Muitos apontam Phiilp Roth como um eterno candidato ao prémio Nobel. A verdade é que o seu estilo, a sua capacidade de transformar a linguagem escrita numa forma de vida justificam largamente esse estatuto.
Este livro é uma pérola. Baseado na sua própria experiência como membro da comunidade judaica norte-americana, Roth constrói uma história com traços auto-biográficos que, ao mesmo tempo, marca a literatura contemporânea com uma nova concepção do romance histórico. Ou melhor, não se trata propriamente de um romance histórico no sentido tradicional do termo porque a realidade descrita não corresponde à realidade; trata-se mais de um magnífico exercício de imaginação sobre uma realidade que podia ter acontecido e, dramaticamente, pode acontecer.

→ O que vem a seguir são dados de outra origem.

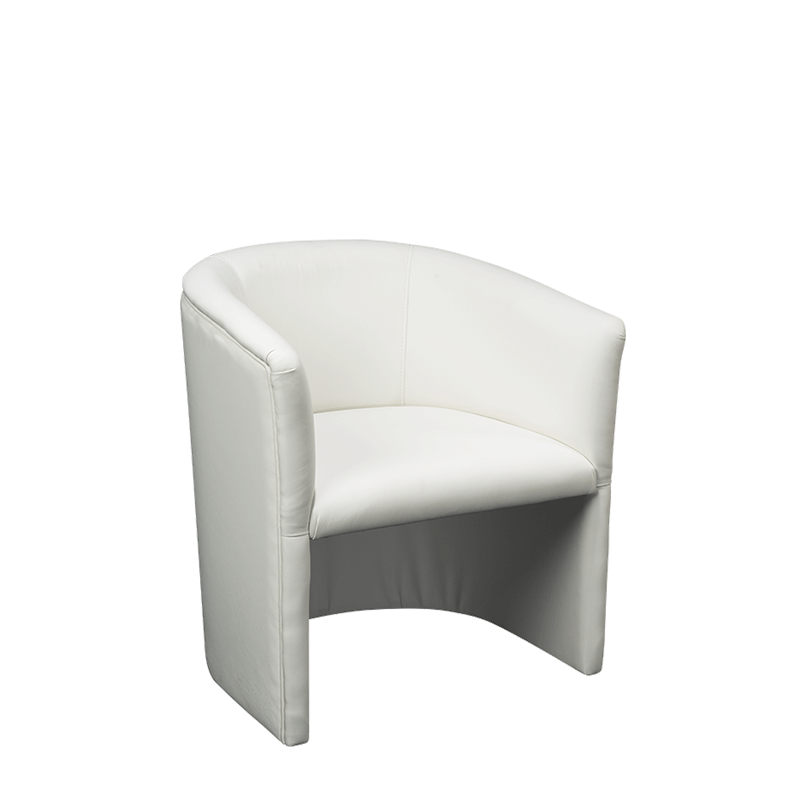 Fauteuil club Sim blanc 69 x 64 cm H 76 cm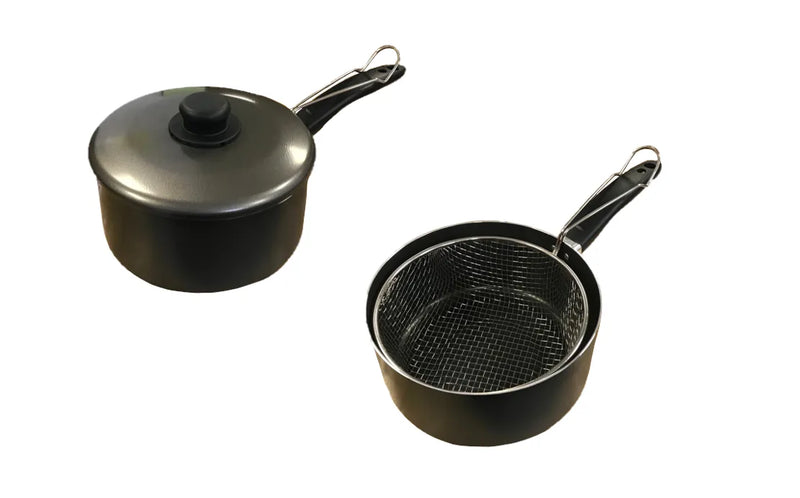 Chips Pan With Frying Basket 9" Black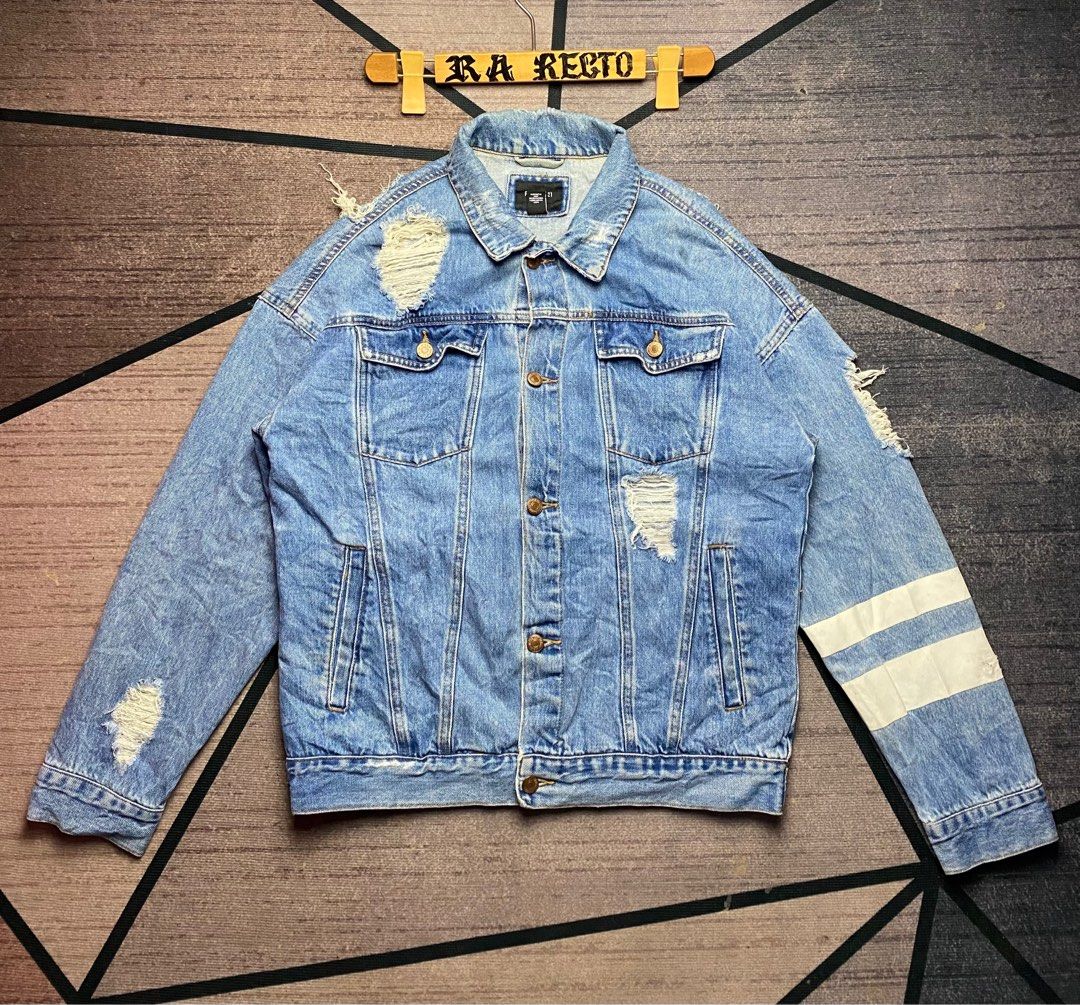Forever 21 Men Blue Denim Ripped Distressed White Striped On Sleeve Jacket Men s Fashion Coats Jackets and Outerwear on Carousell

Toda a obra é marcada por um esforço de auto-compreensão e de explicação de um dos maiores dilemas morais do século XX: até que ponto a guerra é defensável, perante situações extremas de violência e injustiça.
Um dos aspectos mais notáveis desta obra é a clareza da linguagem: um estilo directo, sem artifícios, simples e objectivo. No entanto, por detrás dessa clareza de linguagem há um mundo complexo de dilemas e de dúvidas. Philip Roth, um miúdo de nove anos, principal personagem desta história, é filho de judeus num bairro judaico de Newark, no início da segunda guerra mundial. Na Alemanha, Hitler iniciara já a sua perseguição aos judeus, com o objectivo macabro de exterminar o povo judeu. Neste cenário, Roth imagina o que seria a América se um simpatizante de Hitler chegasse à presidência. É neste ponto que o autor passa da realidade histórica para a ficção, pintando o quadro de uma América liderada por Lindbergh, um famoso aviador com simpatias nazis, que aqui assume o papel de Presidente dos Estados Unidos da América, derrotando Franklin Roosevelt.
Ao longo da ascensão dos nazis, o leitor vai vivendo a amargura da comunidade judaica e vai sentido vagas de revolta. Ondas sucessivas que se sucedem sem que as anteriores tenham desaparecido.
A ignorância, o preconceito e a maldade que advém desse mesmo preconceito, alimentam monstros que se escondem por detrás de quem acredita nas boas intenções do ser humano. E o leitor, impotente perante a força do mal vai fazendo crescer as ondas de revolta…
Imaginada quanto aos factos, esta história é bem real quanta às atitudes e à maldade humana.
A família do jovem Philip sofre na carne e na alma toda essa maldade, toda a crueldade do preconceito e de alguns interesses cruelmente egoístas.
Perante a catástrofe iminente, a própria comunidade judaica divide-se, tal como previam os planos dos líderes fascistas: uns aceitam a dominação e acreditam, com ingenuidade, nas suas boas intenções, outros opõem-se ferozmente e outros ainda tentam “passar ao lado”, continuando preocupados apenas com a sua vida material. Esta divisão em três facções provoca conflitos graves entre a comunidade judaica, o que vai alimentando ainda mais o monstro. Dividir para reinar ou, neste caso, fomentar o ódio para alimentar o ódio maior. E chegamos assim ao grande motivo de reflexão para todo o mundo em que vivemos. Até que ponto se justifica a oposição à violência, com a violência? Até que ponto podemos confiar numa democracia que pode disfarçar a mais cruel das ditaduras?
Em conclusão: trata-se de uma obra notável como documento de um período histórico que continuará a ser motivo de reflexão e exemplo do pior que a alma humana pode gerar.
Não é um livro que dê respostas; não as poderia dar. Mas é um livro que levanta questões que serão sempre fundamentais para a compreensão do espírito e da vida humana. Talvez a única verdade seja que, como diz Roth, “não podemos fazer tudo certo sem fazer também alguma coisa errada”.